The news on agricultural trade was miserable last week with the United States and China ending talks and instituting new tariffs but prices of major grains all bounced up a little from recent lows.
The reason was equally miserable news about planting delays in the U.S. due to wet, cold weather in the Midwest.
While planting on the Canadian Prairies is progressing at a normal pace, in the U.S. Midwest, corn and soybean seeding were less than half the usual pace as of May 12.
The week of May 13-20 likely saw better progress and technically it is possible to plant huge amounts of ground in a short time. Reuters reporter Karen Braun looked through the statistics and found that in just one week, ending May 19 of 2013, an amazing 43 percent of the U.S. corn crop was seeded. That was about 41.8 million acres.
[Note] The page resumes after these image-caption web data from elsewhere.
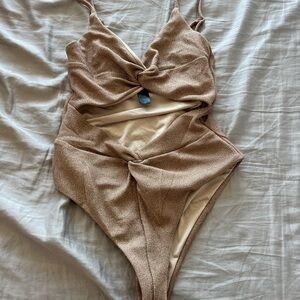 Adorable Beach Riot Swimsuit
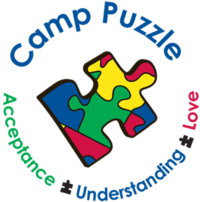 Camp Puzzle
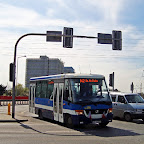 KR332EJ.jpg KR332EJ.jpg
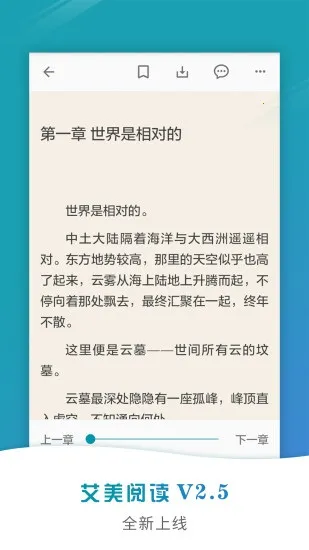 �����Ķ���׿���ֻ���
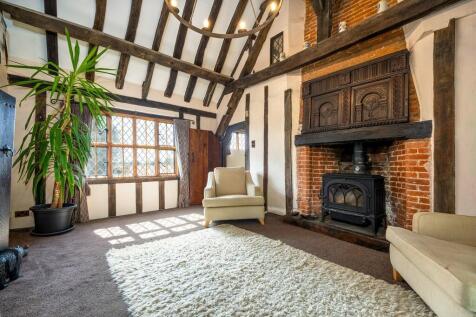 1440pxReads Hall-...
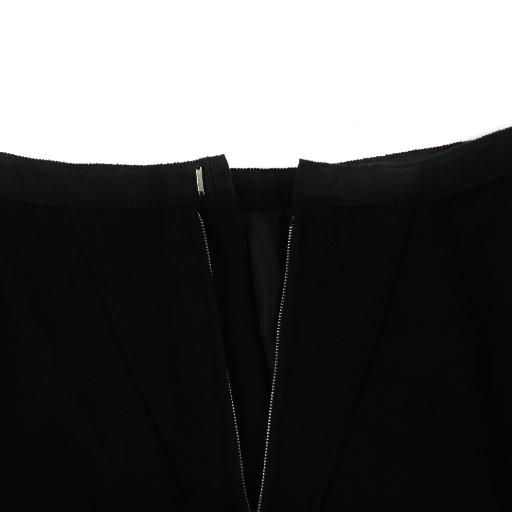 LOUIS VUITTON（ルイ・ヴィトン） セットアップ 上下 ジャケット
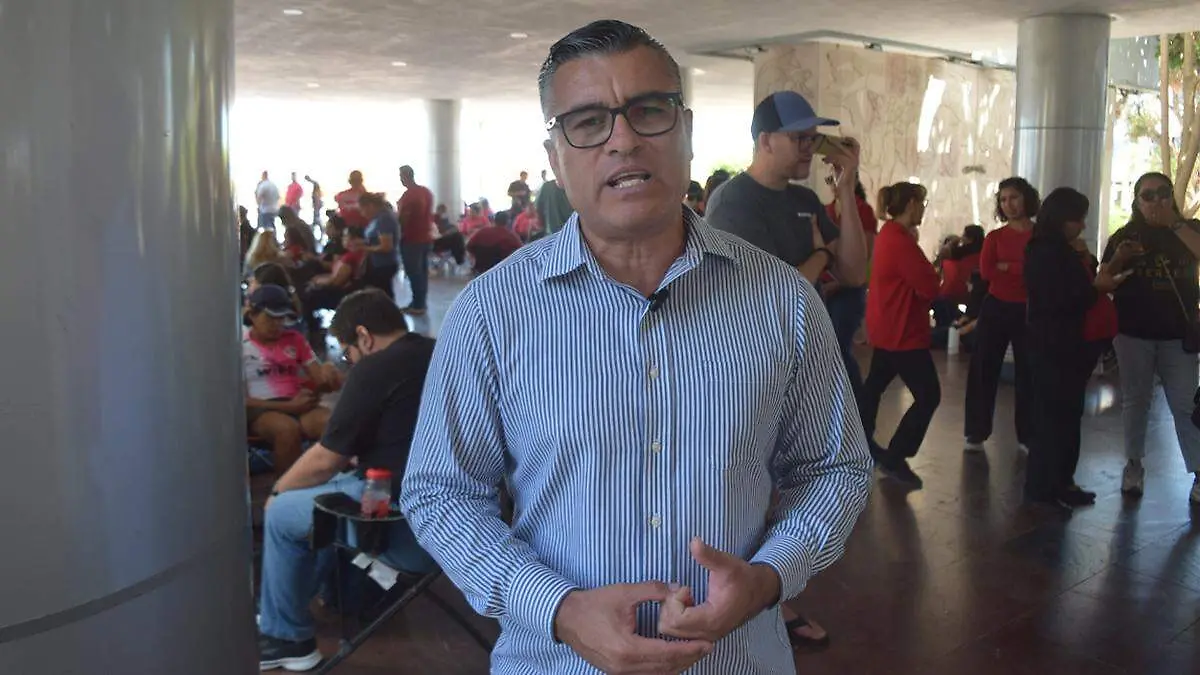 parolaboral-docentes-bajacaliforniasur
However, the ability to repeat such a performance and catch up this year looked dim as heavy accumulations of rain, 100 to 175 millimetres, were forecast for large parts of the Midwest for the week to May 23 and there was above normal possibility of rain in the region all the way to the end of the month and into June. This rain would fall on already saturated soils.
U.S. corn seeding is usually complete by the beginning of June. But in some bad years planting lingers into that month. For example, in 1995, 20 percent of corn was still to be seeded as of June 5. That year national corn yield was well below the trend line and farmers planted four million fewer acres than they expected in the March planting intentions report.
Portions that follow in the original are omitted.